Medical Informatics, Friedrich-Alexander Universität Erlangen-Nürnberg (FAU), Erlangen, Germany.
Medical Center for Information and Communication Technology, University Hospital Erlangen, Erlangen, Germany.
Int J Med Inform. 2019 Sep;129:114-121. doi: 10.1016/j.ijmedinf.2019.05.019. Epub 2019 May 30.
Text summarization of clinical trial descriptions has the potential to reduce the time required to familiarize oneself with the subject of studies by condensing long-form detailed descriptions to concise, meaning-preserving synopses. This work describes the process and quality of automatically generated summaries of clinical trial descriptions using extractive text summarization methods.

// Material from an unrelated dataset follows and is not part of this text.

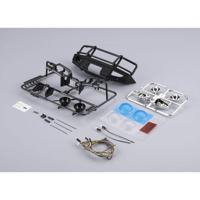 Killerbody bumper mat zwart - thumbnail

We generated a novel dataset from the detailed descriptions and brief summaries of trials registered on clinicaltrials.gov. We executed several text summarization algorithms on the detailed descriptions in this corpus and calculated the standard ROUGE metrics using the brief summaries included in the record as a reference. To investigate the correlation of these metrics with human sentiments, four reviewers assessed the content-completeness of the generated summaries and the helpfulness of both the generated and reference summaries via a Likert scale questionnaire.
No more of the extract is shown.